Hall Of Fame Inductee
Doris Luke
Inducted into: Builder Division in 2006
Inducted into: Player Division in 1986
Location: Toronto
Deceased: DEC
- Builder
- Player
Doris Luke should be recognized as one of the first coaches in our sport. From her background days in softball, Doris developed a bowling style that allowed her average to reach as high as 256.
In the mid-1950s, bowling was beginning to organize and, on the adult side, Doris was an executive member of the Ontario Bowlers Council when this group formed in 1956. Moreover, she recognized that the future of any sport is in the development of the youth and Doris started one of the first youth programs at Beach Bowl, and this effort was truly original as the first youth program, the Canadian Junior Bowling Council, did not begin until 1958. Ten years later, when Doris had settled at New Shamrock Bowl on Coxwell Avenue in Toronto, she started a Young Adult League and this was a forerunner of the successful Young Adult Bowlers Association that continues to this day. The Bowling Proprietors Association of Ontario, the group that eventually formed the Youth Bowling Council, recognized Doriss contribution to bowling in April 1992 with a certificate to acknowledge her volunteerism as well as dedicated and distinguished service to youth bowling in Ontario.
For more than thirty years, Doris served as President, Secretary and Advisor to the Toronto 5 Pin Bowlers Association and Doris received a Life Membership from the Metro Association in 1994. In addition, Doris served as secretary of several leagues including two of the most prestigious of the day, the Olympia Mixed Major League and the Ladies City Major League.

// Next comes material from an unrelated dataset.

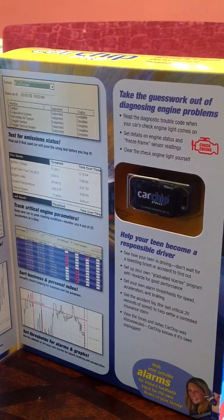It comes highly recommended. We sell a lot of these products, especially this Car Chip Pro. Very affordable — it's not as expensive as a tracking device. We're not trying to necessarily track their location; we're just trying to see if they're safe in the car.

Doris was an integral part of the bowling clinics that were sponsored by the Toronto Star and conducted every day, Monday to Friday, in Toronto bowling centres. Under the leadership of dual Hall of Fame inductee Mabel MacDowell, these clinics visited more than twenty centres and listed for six weeks. As well as Mabel, the instruction crew included fellow inductee Theda Procher, Hall of Famers Marge Bentley and Janet Peel, and Eileen Huston, Tiny Baker, Marg Walford, Vi Warn and Dot Glandfield.
While Doris bowled on several championship teams, she coached several more. Specifically, she coached the Toronto mixed team to a national championship in 1964 and followed with two ladies team titles in 1966 and 1967. Even before Doris retired in 1999 at the age of 85, she was an important contributor to this Hall of Fame program, adding her expertise to the selection of the top bowlers of her era. Be assured, Doris enjoyed an outstanding fifty year career, both on and off the lanes.
DORIS LUKE of Toronto has excelled on the lanes as both a competitor and a coach, and has been involved in the sports instruction and coaching programs for more than 30 years. She was a bowler on Toronto Ladies Teams that won four Ontario Championships, in 1956, 1958, 1962 and 1965, and coached the Toronto Ladies to the Ontario Championships in 1966 and 1968. Three of those teams she bowled on in 1958, 1962 and 1965 went on to win the Canadian Open Championships. Doris says her most satisfying achievement was taking a Toronto Mixed Team that won the Ontario Championships out west in 1964, and coaching it to victory in the Canadian Championships, even though, at least on paper, it wasnt the best team there! Twice in widely-spaced seasons, in 1955 and again in 1966, she maintained her best average of 256. In 1957 she concluded a season with a 254 average, the best in the house, in a mixed major league at the popular Beach Alleys. In 1962, in the playoffs of the Metro Ladies Major League, Doris set a record that still stands, felling 3916 pins in 15 games.